J.A.S.'s mother allowed J.A.S. to resume visits with Defendant in the middle of 2005, when J.A.S. was twelve years old. J.A.S.'s mother testified that after J.A.S. resumed visits with Defendant, she noticed a difference in J.A.S.'s attitude. J.A.S. became withdrawn, his grades dropped, and he began having behavioral problems at school. In November 2005, J.A.S. was suspended from school for two days for an angry outburst. On the first day of J.A.S.'s suspension, his mother took him to Defendant's house. J.A.S. testified that while he was at Defendant's house, Defendant again told J.A.S. to "suck his wiener." Defendant then pushed J.A.S. onto a bed and forced anal sex on him. On the second day of J.A.S.'s suspension from school, he begged his mother not to take him back to Defendant's house. J.A.S. testified he did not tell his mother about Defendant's abuse because he was afraid Defendant would hurt him. J.A.S. testified that Defendant had anal intercourse with him two or three times and that Defendant forced him to put Defendant's penis in his mouth six or seven times.

J.A.S.'s mother testified that two weeks after being suspended from school, J.A.S. was caught molesting other children.

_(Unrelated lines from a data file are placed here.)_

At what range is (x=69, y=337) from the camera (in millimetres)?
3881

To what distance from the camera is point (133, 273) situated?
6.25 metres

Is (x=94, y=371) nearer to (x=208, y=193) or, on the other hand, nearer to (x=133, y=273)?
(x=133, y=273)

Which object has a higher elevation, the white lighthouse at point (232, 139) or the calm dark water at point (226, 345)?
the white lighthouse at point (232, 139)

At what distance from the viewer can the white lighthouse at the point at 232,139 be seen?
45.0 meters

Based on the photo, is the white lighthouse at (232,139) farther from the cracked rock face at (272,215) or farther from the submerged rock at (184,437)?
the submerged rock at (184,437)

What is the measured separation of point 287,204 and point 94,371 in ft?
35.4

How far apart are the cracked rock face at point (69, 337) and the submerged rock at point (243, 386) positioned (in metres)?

J.A.S. told his mother that Defendant "did things" to him. Detective Kelly Beard (Detective Beard) with the King Police Department investigated the allegations of abuse against Defendant. Defendant voluntarily came to the police station to answer questions. Defendant denied J.A.S.'s allegations. However, when Detective Beard told Defendant that J.A.S. engaged in sex acts with other boys, Defendant said: "Well, I guess somebody showed him how to do it." Defendant told Detective Beard that he had problems finding dates. As Defendant left the police station, he said to Detective Beard: "Well, I'm a little crippled.... [A] man's got to do what a man's got to do."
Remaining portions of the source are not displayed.